KFC’s new Beyond Fried Chicken is only available at one location (for now)

A bucket of KFC plant-based fried chicken, with a bowl of gravy and a torn-open piece of fake fried chicken.
KFC’s Beyond Fried Chicken.
Photo: KFC

Conspicuously absent from the melee of fast-food chains hurling subtweets and halfhearted clapbacks at each other last week in the wake of the nation’s Popeyes’ chicken sandwich mania was KFC, arguably the brand with the biggest stake in whether or not everyone in the U.S. is suddenly gaga for mass-produced fried chicken.

Maybe that’s because KFC was too busy rolling out a product that is, in a way, the inverse of Popeyes’ new star: Beyond Fried Chicken, a plant-based fried “poultry” made in partnership with fake-meat startup Beyond Meat. Starting Tuesday, the faux fried chicken will be available from just one location — a KFC in Smyrna, Ga., northwest of Atlanta — in the form of nuggets or boneless wings, as the chain decides whether or not to broaden the test or to release Beyond Fried Chicken nationwide.

Quick-service chains like Burger King, White Castle, and Subway have embraced plant-based meat in recent years, but KFC’s partnership with Beyond Meat marks the first time a national fast-food chain has introduced plant-based chicken in the U.S. (Beyond Meat’s first product was actually vegan chicken strips, but the company quietly discontinued the product earlier this year after deciding the frozen strips weren’t up to standard.)

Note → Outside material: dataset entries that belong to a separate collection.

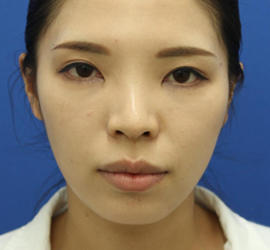 30代女性のシワ・たるみ Before 症例写真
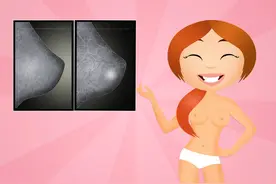 乳腺良性肿瘤有哪些，能治好吗？图片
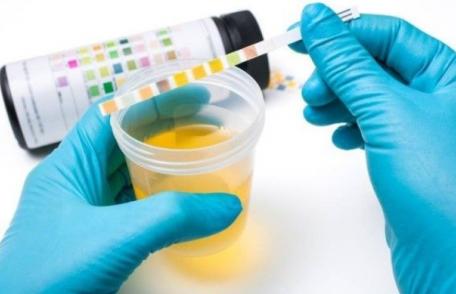 Cum să-ți testezi urina pentru a afla dacă ești sănătos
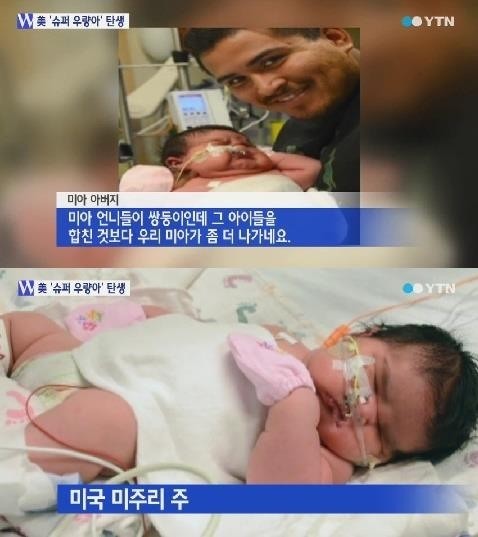 ▲6.4kg슈퍼우량아(사진=YTN방송캡처)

Fast-food chicken like McDonald’s McNuggets have long been dogged by allegations that they’re less real meat than dreaded pink slime, so one could argue that lab-created fake chicken delivers more or less the same experience as their actual, factory-farmed sistren. As long as the hunk of “meat” is seasoned, dredged, and deep fried to golden craggy perfection, who’s to tell the difference?

So while Popeyes, Chick-fil-A, and Wendy’s tear each other apart over who has the best chicken sandwich in the Twitter arena, the shots KFC has chosen to fire are … made of plant protein, which we can at least agree is much less violent, both to animals and our sensibilities that are weary of being bombarded with brand-crafted sandwich jokes. Let the next battle of the culture wars begin.